As I've heard it, peter jackson didn't feel the sacrifice and passing of the elves would be well enough portrayed within the movie, so adding the elves at helms deep was a great way to clearly and visually highlight all that the elves were ready to put on the line dispite their time on middle earth already being over, sauron rising to power or not

Munting
28-01-2010, 20:33
as mentioned earlier, one of the themes within lotr is that the elves time is over. The story does involve a great deal of sacrifice by the elves. A prime example is galadriels ring. with the one ring destroyed lothlorien would never survive, yet the elves were ready to sacrifice that for the good of all middle earth.

As I've heard it, peter jackson didn't feel the sacrifice and passing of the elves would be well enough portrayed within the movie, so adding the elves at helms deep was a great way to clearly and visually highlight all that the elves were ready to put on the line dispite their time on middle earth already being over, sauron rising to power or not


This explanation is perfect I think.
Thanks mate (Y)
Yeah the stuff with the goldenwood is, to me, the best part of the books (so far, not finished yet!)

Thanks guys :)

tezdal
29-01-2010, 09:18
Non-canonically, you could say that the Elven General Staff had already set up contingency plans a millenia ago and updated them every century.

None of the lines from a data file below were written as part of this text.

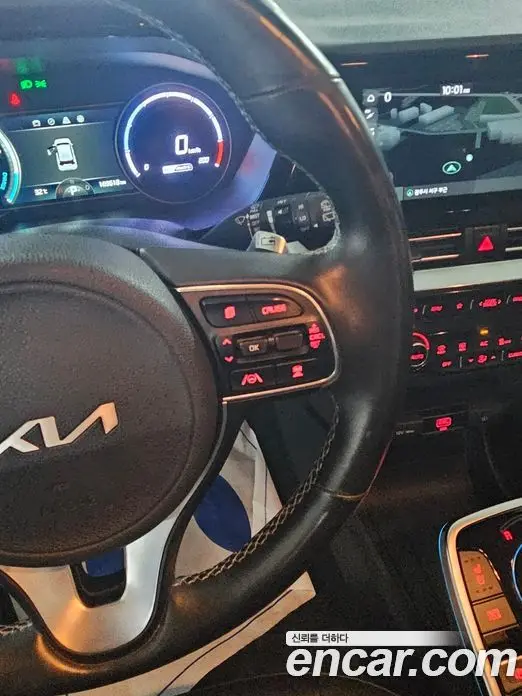 Kia Niro 2022 0.1 автомат (гидро), фото 13
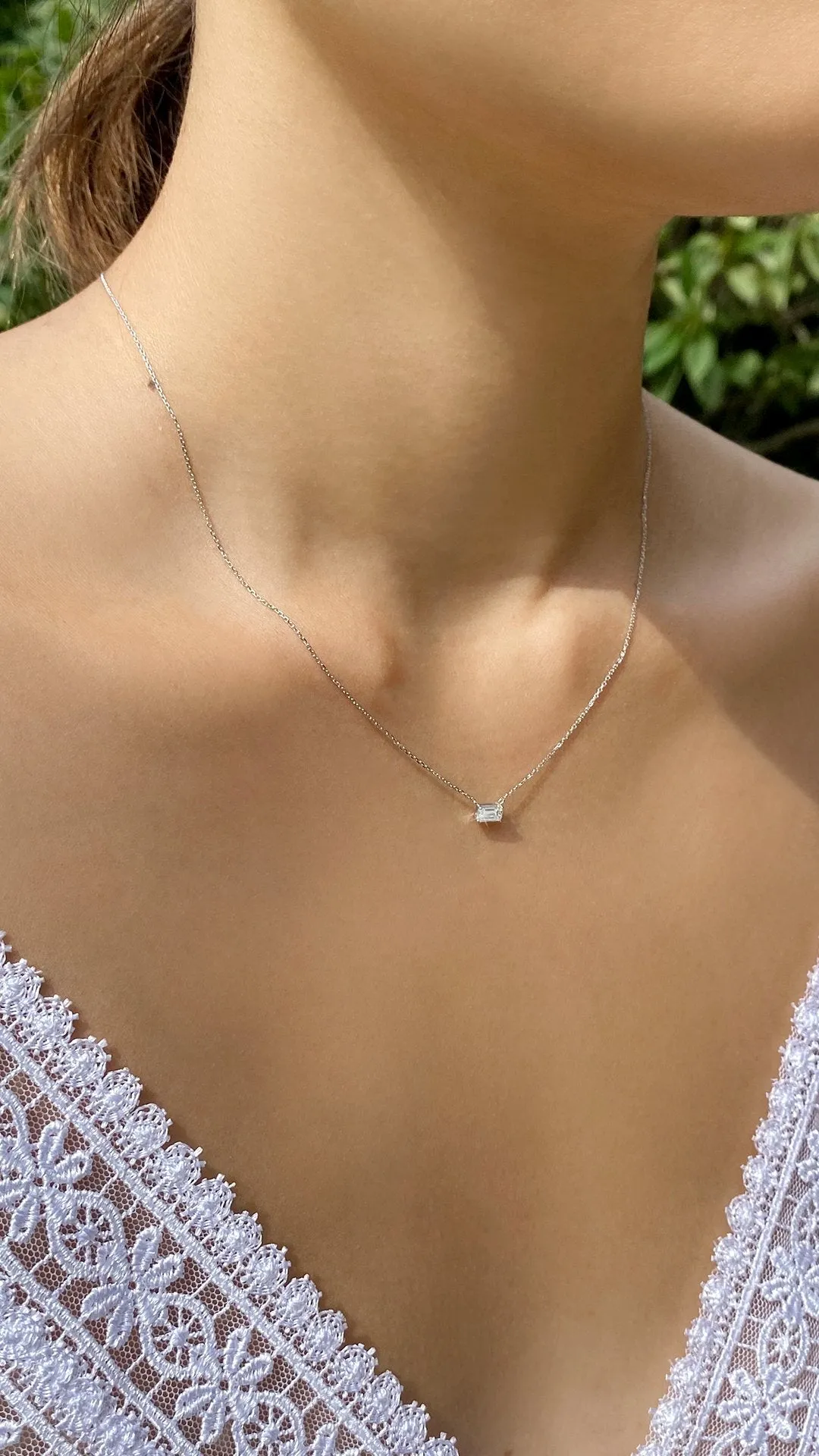 Monet Necklace 18K White Gold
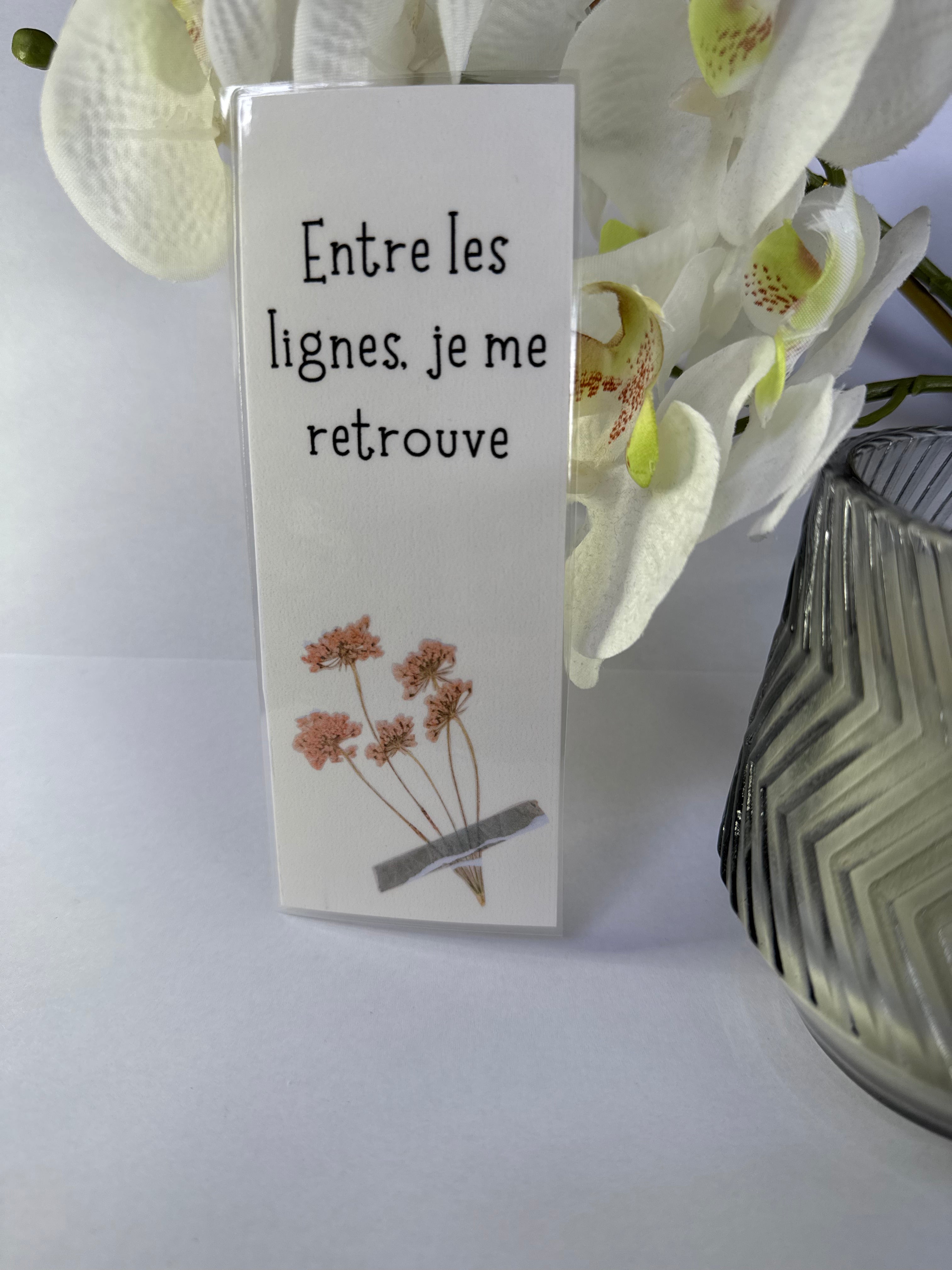 Marque page Entre les lignes, je me retrouve”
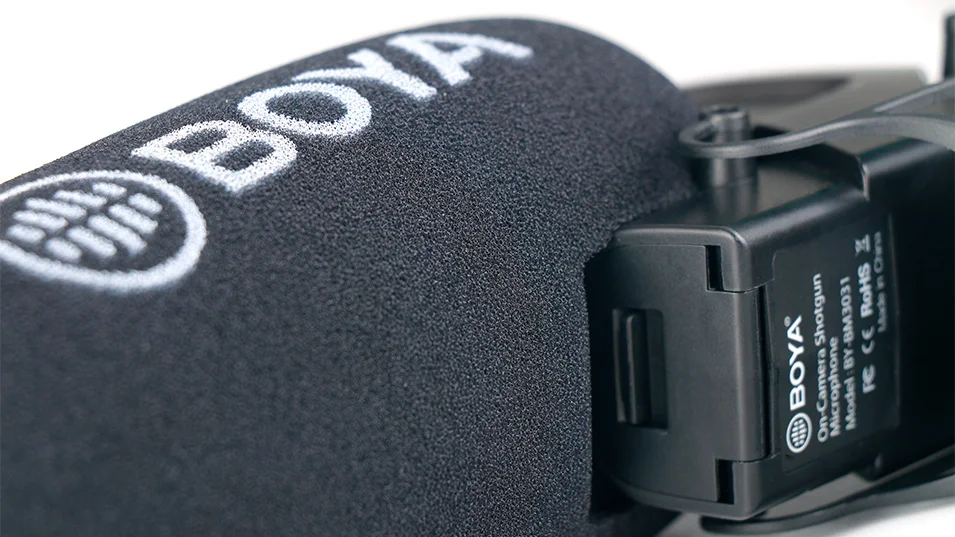 BOYA BY-BM3030 On-camera направленный микрофон для DSLR камеры s видео аудиозаписывающие устройства 3,5 мм разъем конденсаторный микрофон с 1/4 винтом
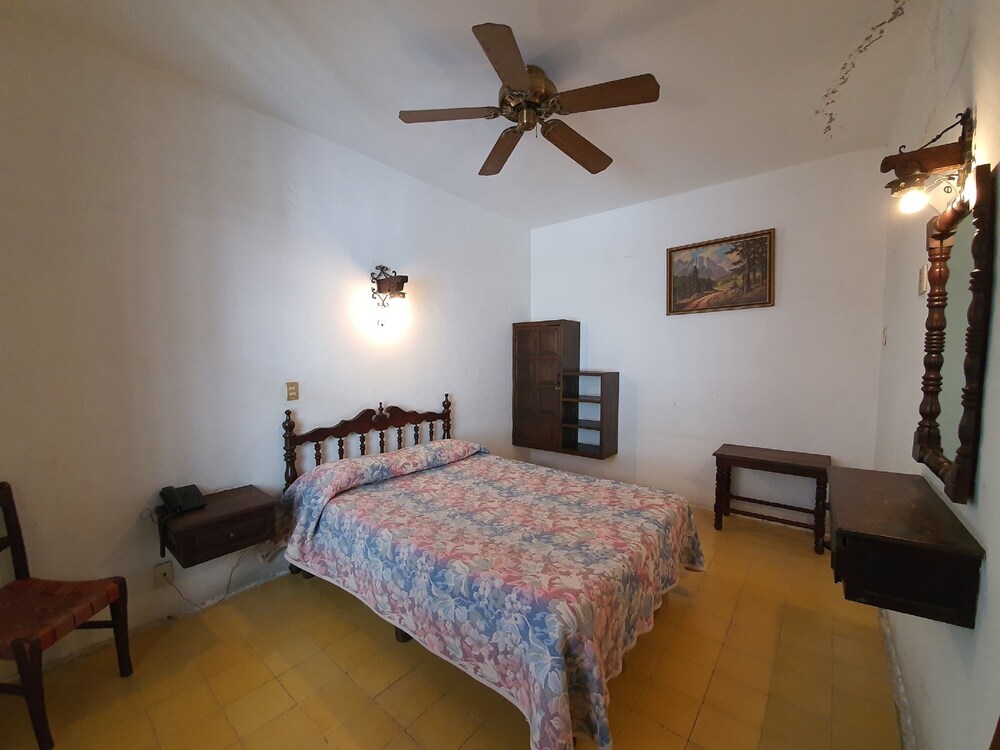 Hotel Colonial — Lagos De Moreno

LOL the elven general staff? In my head I see Elrond in a spiked helmet and prussian uniform drawing up the plans to circle around Minas Trinth.

Thorin Hubertson
29-01-2010, 17:29
LOL the elven general staff? In my head I see Elrond in a spiked helmet and prussian uniform drawing up the plans to circle around Minas Trinth.

Why not, after having defeated the Frenc... oh, excuse me the Sauronic Empire the Germ... oh, excuse me the Elvish Empire is founded and some centuries later tries to conquer all of middle earth, but is defeated by an alliance of dwarves and Moria-goblins :D

Dragon Prince of Caledor
30-01-2010, 19:03
I thought the addition of the scene was cool but impractical. As they tell the story the Galadriel/Elrond communication happens during the march on Helm's Deep. That and the fighting sequences were simply insulting to the Elvish fighting abilities. They may have been fragile but should have fought like dexterous ninjas :P
Peace peeps :)

Suicide Messiah
07-02-2010, 20:23
They may have been fragile but should have fought like dexterous ninjas

I fear japan has lied to you. Ninjas wouldnt have lasted ten seconds and samurai swords cant cut through concrete. :p

R-Love
08-02-2010, 02:07
I fear japan has lied to you. Ninjas wouldnt have lasted ten seconds and samurai swords cant cut through concrete. :p

WHAT!?:eek: How could they do this to me? I TRUSTED them!




:D

Dragon Prince of Caledor
16-02-2010, 18:07
lol but seriously one of the only problems I have with the movies is that they portray all good rank and file troops as if they are fighting whilst on a heavy dose of some kind of narcotic. The only guys they give any credit to are the named heroes and I say balls to this :P

Verm1s
18-02-2010, 10:52
it seems a pointless thing to add to the films...

Good lad. :)


I didn't like Gimli being the "funny little guy".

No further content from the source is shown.